**TASK INSTRUCTIONS**
Although the entries contain pictures, only their text goes into the copy, set down exactly.

**DATA EXTRACT**

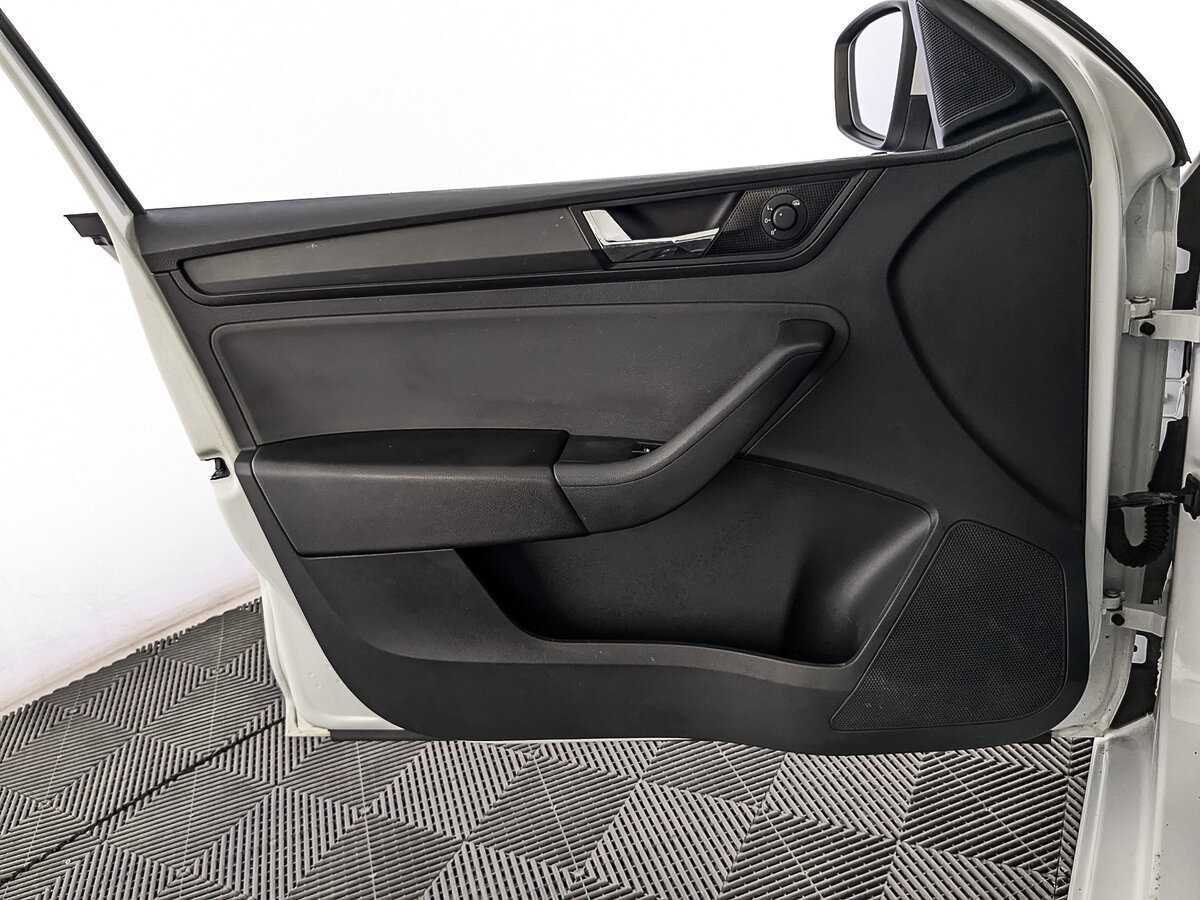 Купить Skoda Rapid, 2019, 166 059 км, фото №19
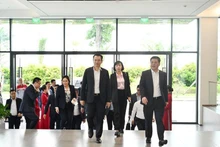 Dans la matinée du 7 novembre 2025, le ministre vietnamien de l’Industrie et du Commerce Nguyen Hong Dien (à droite) et le ministre lao de l’Industrie et du Commerce Malaythong Kommasith (à gauche) ont effectué une visite de travail à l’usine automobile Thanh Cong Viet Hung.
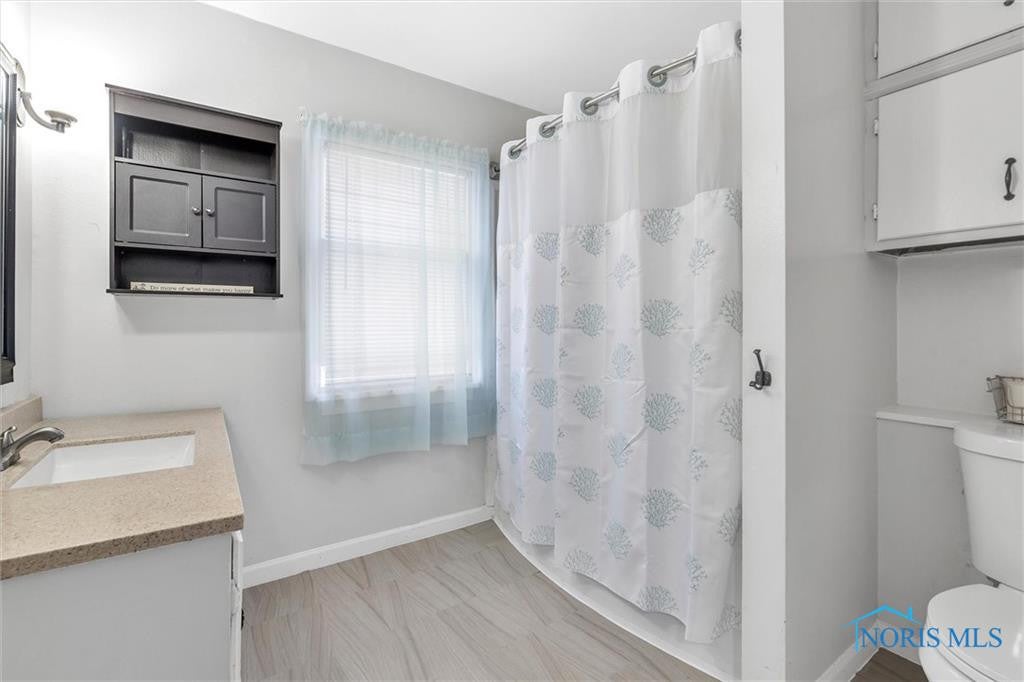 2149 Loxley Road Toledo, OH 43613 - Photo 16 of 37 Gallery Image 16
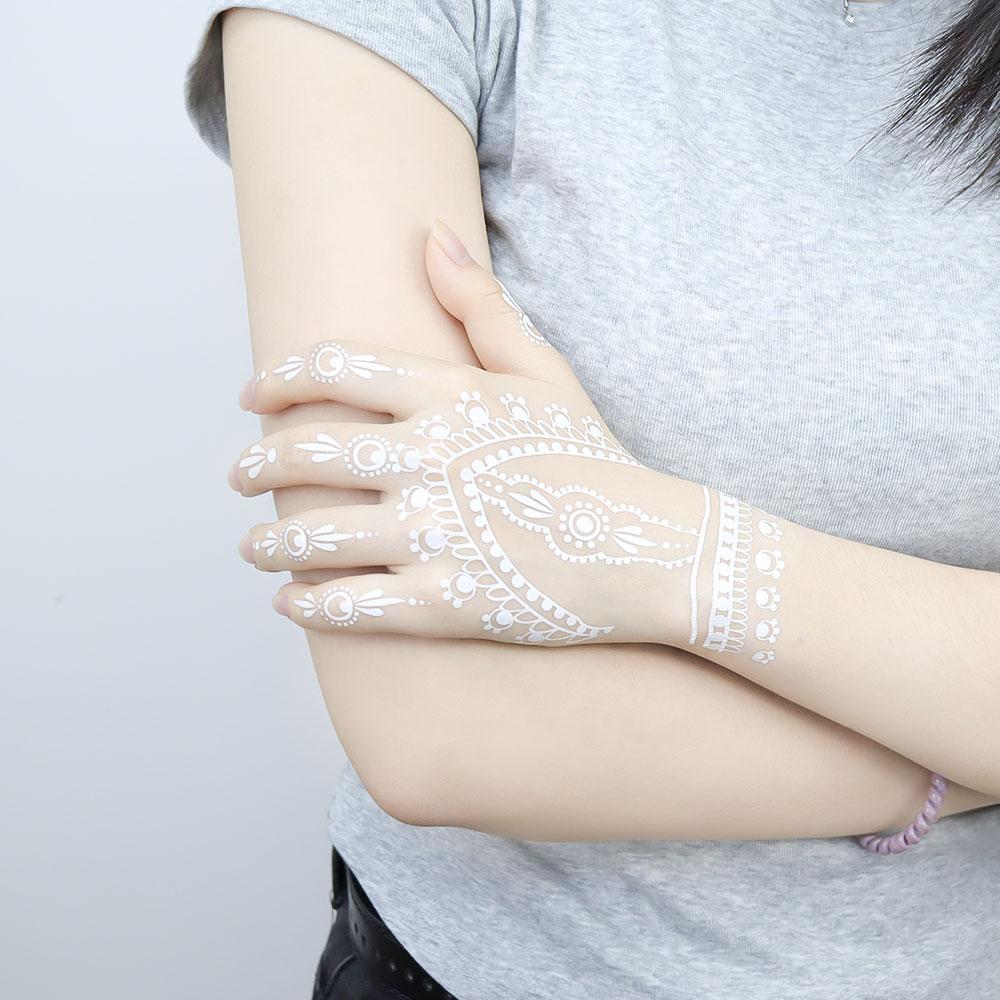1 ورقة تاتو حنة بيضاء وشم مؤقت أزرق مضيء لليد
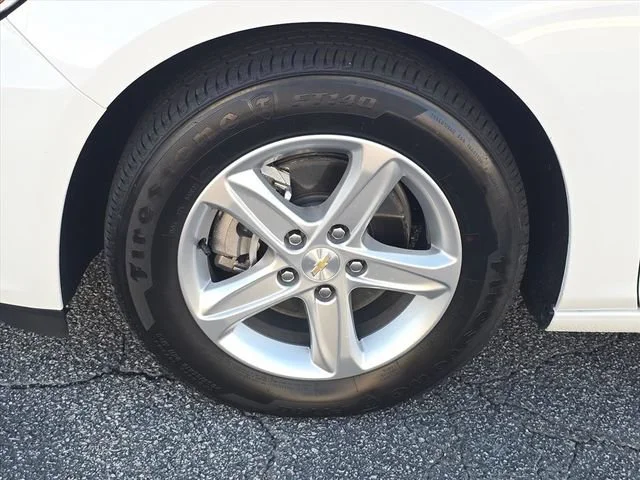 Used 2025 Summit White Chevrolet LS image 32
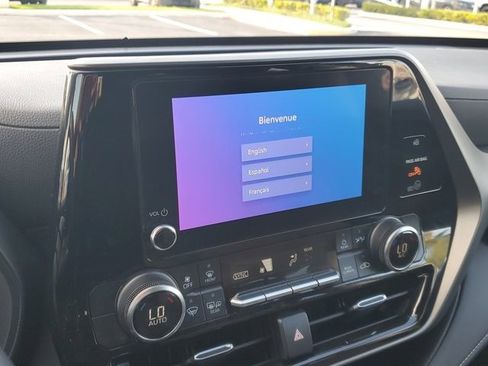 Used 2024 Toyota Highlander LE image 19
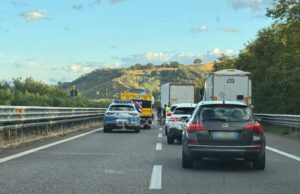 Incidente sull'Autostrada A2 del Mediterraneo tra Torano e Montalto. Auto impatta contro le barriere, file chilometriche 52 Incidente A2 Torano Montalto4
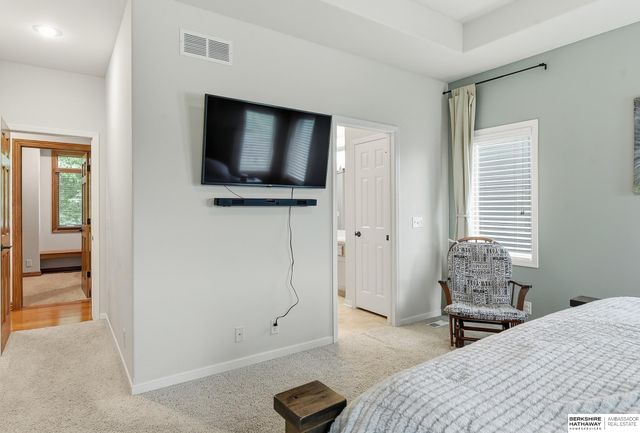 4905 Chennault Street, Papillion, NE 68133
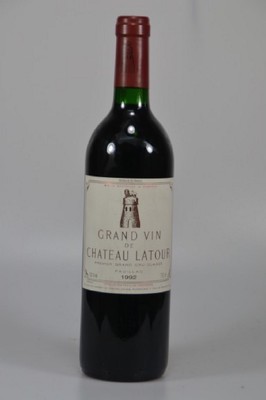 1 Flasche 1992 Chateau Latour, Grand Vin, premier grand Cru Classé, Paulliac, 75l, 12.5%vol., orig verkorkt und unverkostet, high fill, 88 ...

**RESULT OF THE TASK**
 Купить Skoda Rapid, 2019, 166 059 км, фото №19
 Dans la matinée du 7 novembre 2025, le ministre vietnamien de l’Industrie et du Commerce Nguyen Hong Dien (à droite) et le ministre lao de l’Industrie et du Commerce Malaythong Kommasith (à gauche) ont effectué une visite de travail à l’usine automobile Thanh Cong Viet Hung.
 2149 Loxley Road Toledo, OH 43613 - Photo 16 of 37 Gallery Image 16
1 ورقة تاتو حنة بيضاء وشم مؤقت أزرق مضيء لليد
 Used 2025 Summit White Chevrolet LS image 32
 Used 2024 Toyota Highlander LE image 19
 Incidente sull'Autostrada A2 del Mediterraneo tra Torano e Montalto. Auto impatta contro le barriere, file chilometriche 52 Incidente A2 Torano Montalto4
 4905 Chennault Street, Papillion, NE 68133
 1 Flasche 1992 Chateau Latour, Grand Vin, premier grand Cru Classé, Paulliac, 75l, 12.5%vol., orig verkorkt und unverkostet, high fill, 88 ...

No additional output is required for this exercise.